EXERCISE GOAL: Repeat exactly, and only, the lines below starting at the line that contains "Carvedilol Spirig HC" and ending at the line that contains "#BrandDifferentiation #MarketingExcellence #BrandVisibility", inclusive of both.

━━━━━ SUPPLIED INFORMATION ━━━━━

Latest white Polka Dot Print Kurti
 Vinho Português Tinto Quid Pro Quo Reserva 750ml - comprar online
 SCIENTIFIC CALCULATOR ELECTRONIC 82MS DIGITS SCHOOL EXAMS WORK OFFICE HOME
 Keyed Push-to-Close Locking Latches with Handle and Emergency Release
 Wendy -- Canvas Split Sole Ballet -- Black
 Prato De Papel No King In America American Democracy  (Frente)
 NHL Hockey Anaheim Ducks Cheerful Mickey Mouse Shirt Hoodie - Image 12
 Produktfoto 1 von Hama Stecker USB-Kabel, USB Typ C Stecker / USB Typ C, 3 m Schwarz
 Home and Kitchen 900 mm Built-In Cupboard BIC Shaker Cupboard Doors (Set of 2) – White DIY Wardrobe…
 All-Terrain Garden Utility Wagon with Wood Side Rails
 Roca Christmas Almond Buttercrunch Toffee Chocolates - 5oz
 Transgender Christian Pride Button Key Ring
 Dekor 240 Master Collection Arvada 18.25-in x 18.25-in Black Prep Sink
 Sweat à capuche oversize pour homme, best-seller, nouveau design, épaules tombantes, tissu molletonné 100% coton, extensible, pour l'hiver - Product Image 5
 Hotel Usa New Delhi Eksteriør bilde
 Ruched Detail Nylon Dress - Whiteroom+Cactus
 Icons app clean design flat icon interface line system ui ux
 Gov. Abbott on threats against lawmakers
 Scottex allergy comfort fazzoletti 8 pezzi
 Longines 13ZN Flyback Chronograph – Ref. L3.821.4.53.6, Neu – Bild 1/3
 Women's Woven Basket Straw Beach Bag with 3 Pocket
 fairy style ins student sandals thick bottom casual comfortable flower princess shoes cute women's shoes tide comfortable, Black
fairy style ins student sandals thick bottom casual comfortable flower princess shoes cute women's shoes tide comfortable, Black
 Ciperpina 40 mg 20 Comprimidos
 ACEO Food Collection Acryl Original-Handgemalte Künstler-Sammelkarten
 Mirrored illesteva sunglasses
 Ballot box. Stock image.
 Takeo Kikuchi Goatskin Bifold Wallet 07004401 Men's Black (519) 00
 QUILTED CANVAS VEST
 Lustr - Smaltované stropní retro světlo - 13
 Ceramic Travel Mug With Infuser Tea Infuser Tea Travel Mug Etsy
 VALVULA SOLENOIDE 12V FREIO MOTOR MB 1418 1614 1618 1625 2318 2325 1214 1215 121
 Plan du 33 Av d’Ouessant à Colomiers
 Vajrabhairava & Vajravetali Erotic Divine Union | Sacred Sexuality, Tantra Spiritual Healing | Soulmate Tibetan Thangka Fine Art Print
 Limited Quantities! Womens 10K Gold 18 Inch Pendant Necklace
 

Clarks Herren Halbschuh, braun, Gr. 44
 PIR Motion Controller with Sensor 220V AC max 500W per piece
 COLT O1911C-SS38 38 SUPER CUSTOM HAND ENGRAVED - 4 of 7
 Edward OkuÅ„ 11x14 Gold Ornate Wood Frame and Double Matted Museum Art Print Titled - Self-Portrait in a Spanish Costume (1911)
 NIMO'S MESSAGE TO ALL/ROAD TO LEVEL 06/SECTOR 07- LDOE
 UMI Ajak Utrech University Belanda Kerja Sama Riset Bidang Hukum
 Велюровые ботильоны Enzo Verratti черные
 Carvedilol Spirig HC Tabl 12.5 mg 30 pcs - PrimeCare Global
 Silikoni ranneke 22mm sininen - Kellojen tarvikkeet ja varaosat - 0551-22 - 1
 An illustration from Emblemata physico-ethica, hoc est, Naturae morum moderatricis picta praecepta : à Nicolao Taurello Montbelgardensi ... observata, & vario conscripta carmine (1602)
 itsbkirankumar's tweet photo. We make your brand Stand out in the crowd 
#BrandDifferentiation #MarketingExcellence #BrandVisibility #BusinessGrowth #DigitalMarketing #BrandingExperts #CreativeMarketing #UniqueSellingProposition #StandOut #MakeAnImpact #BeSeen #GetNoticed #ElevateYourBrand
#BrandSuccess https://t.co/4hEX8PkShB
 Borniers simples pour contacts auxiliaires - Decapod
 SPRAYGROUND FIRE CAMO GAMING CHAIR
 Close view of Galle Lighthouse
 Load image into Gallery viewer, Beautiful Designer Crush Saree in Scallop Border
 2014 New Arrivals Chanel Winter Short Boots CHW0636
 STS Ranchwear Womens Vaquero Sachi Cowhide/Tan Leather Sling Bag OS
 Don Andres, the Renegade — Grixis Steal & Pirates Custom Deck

━━━━━

ANSWER SECTION:
 Carvedilol Spirig HC Tabl 12.5 mg 30 pcs - PrimeCare Global
 Silikoni ranneke 22mm sininen - Kellojen tarvikkeet ja varaosat - 0551-22 - 1
 An illustration from Emblemata physico-ethica, hoc est, Naturae morum moderatricis picta praecepta : à Nicolao Taurello Montbelgardensi ... observata, & vario conscripta carmine (1602)
 itsbkirankumar's tweet photo. We make your brand Stand out in the crowd 
#BrandDifferentiation #MarketingExcellence #BrandVisibility #BusinessGrowth #DigitalMarketing #BrandingExperts #CreativeMarketing #UniqueSellingProposition #StandOut #MakeAnImpact #BeSeen #GetNoticed #ElevateYourBrand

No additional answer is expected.